2.10. OTHER TRANSACTIONS AT CLOSING. At the Closing:
(a) The Company shall execute and deliver to UroMed the Company Merger
Certificate.
(b) UroMed and Merger Sub shall execute and deliver to the Company the
UroMed Merger Certificate and the Merger Sub Merger Certificate, respectively.
(c) The Company and the Stockholders will execute and deliver to UroMed a
closing certificate (without qualification as to knowledge or materiality)
substantially in the form set forth in EXHIBIT H attached hereto.
(d) UroMed and Merger Sub will execute and deliver to the Company a closing
certificate (without qualification as to knowledge or materiality) substantially
in the form set forth in EXHIBIT H attached hereto.
(e) The Company will deliver to UroMed Affiliate's Agreements in the form
of EXHIBIT I attached hereto (the "AFFILIATE'S AGREEMENT(S)") executed by each
of Xxxxxx Xxxxxx, Xxxxxxx Xxxxxx and L. Xxx Xxxxx.
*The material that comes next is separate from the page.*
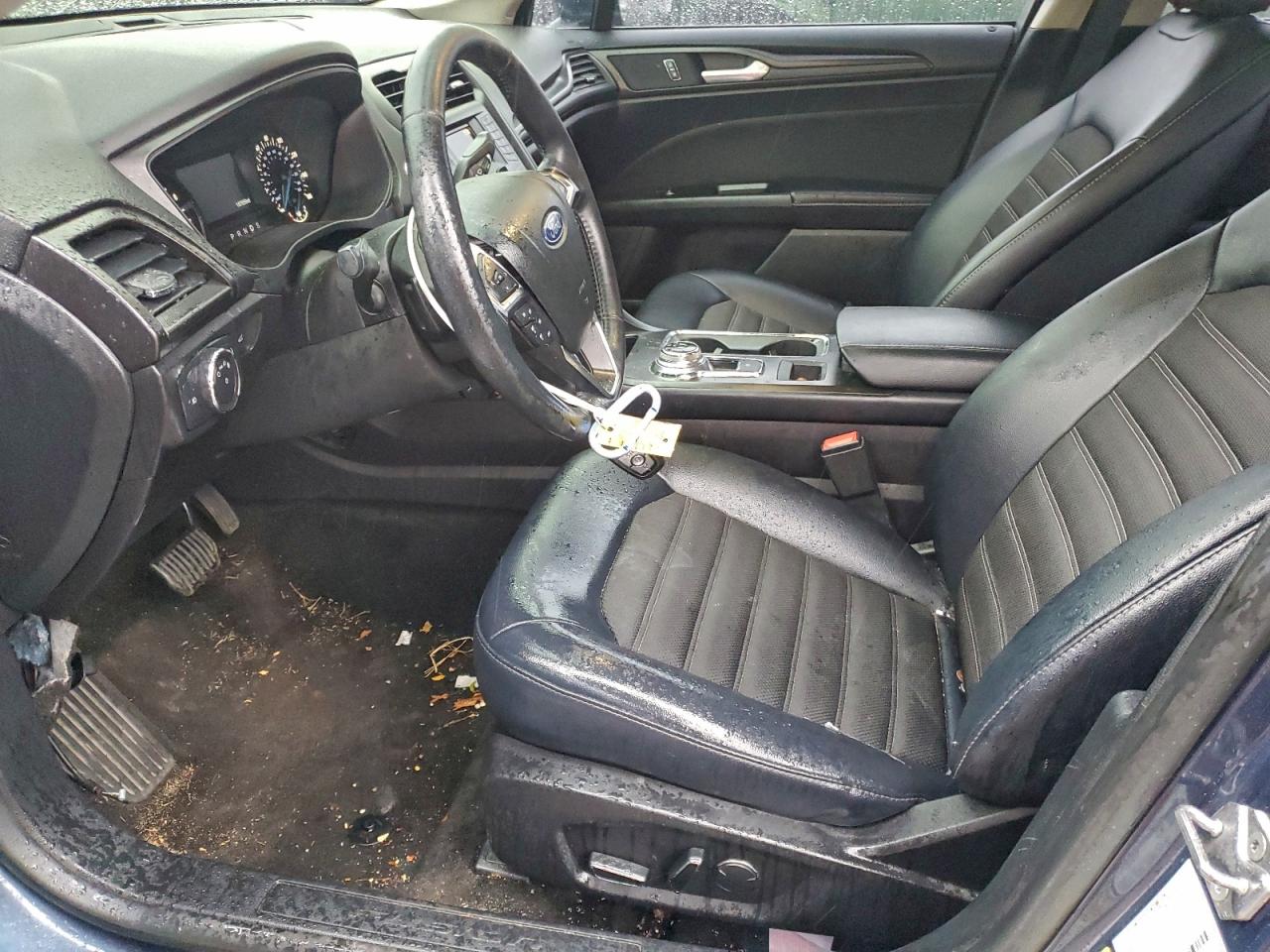 2018 Ford Fusion Se VIN: 3FA6P0T95JR152380 Lot: 93249825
(f) The Company shall deliver to UroMed a pro forma balance sheet of the
Company as of the Closing Date (the "CLOSING DATE PRO FORMA BALANCE SHEET"),
determined in accordance with generally accepted accounting principles and
applied on a consistent basis, which accurately reflects all of the assets and
liabilities of the Company as of the Closing Date, and the assets and
liabilities reflected on the Closing Date Pro Forma Balance Sheet shall not be
less than and greater than, respectively, the assets and liabilities reflected
on the Company's pro forma balance sheet dated as of January 31, 2001 (attached
hereto as EXHIBIT G).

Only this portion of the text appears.